>>>

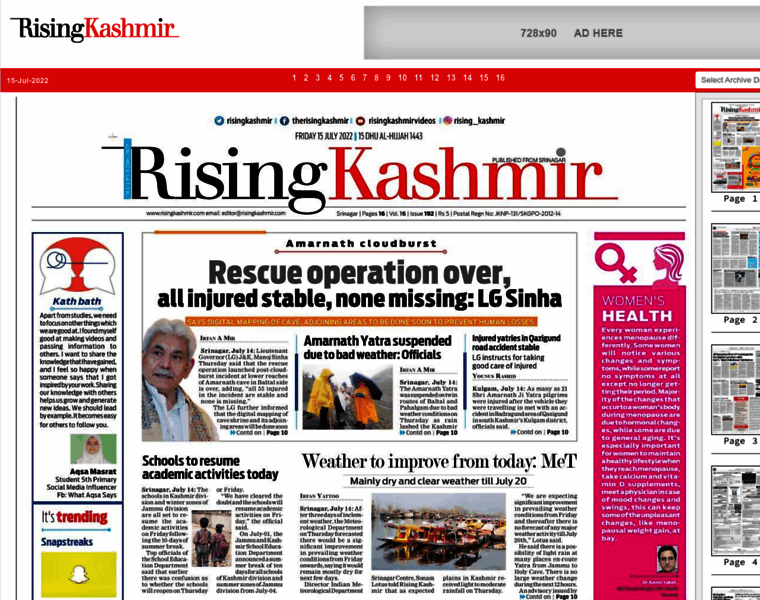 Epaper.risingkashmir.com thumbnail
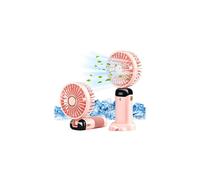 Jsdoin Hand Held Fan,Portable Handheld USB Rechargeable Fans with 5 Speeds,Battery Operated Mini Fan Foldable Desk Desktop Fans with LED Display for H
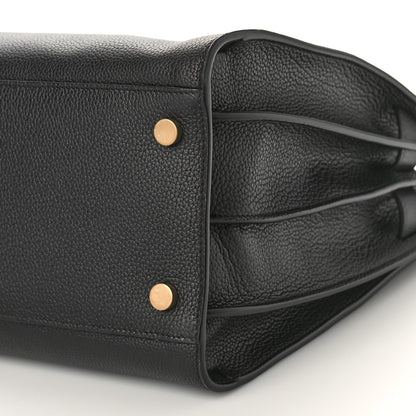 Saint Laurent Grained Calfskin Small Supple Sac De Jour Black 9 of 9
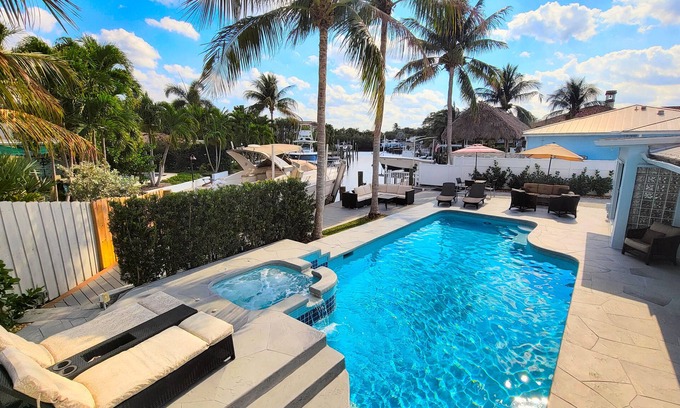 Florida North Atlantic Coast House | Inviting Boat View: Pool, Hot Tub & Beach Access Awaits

<<<

(Action item): Give the listing again, exactly as it appears, but without its images.

(Solution for this problem):
 Epaper.risingkashmir.com thumbnail
 Jsdoin Hand Held Fan,Portable Handheld USB Rechargeable Fans with 5 Speeds,Battery Operated Mini Fan Foldable Desk Desktop Fans with LED Display for H
 Saint Laurent Grained Calfskin Small Supple Sac De Jour Black 9 of 9
 Florida North Atlantic Coast House | Inviting Boat View: Pool, Hot Tub & Beach Access Awaits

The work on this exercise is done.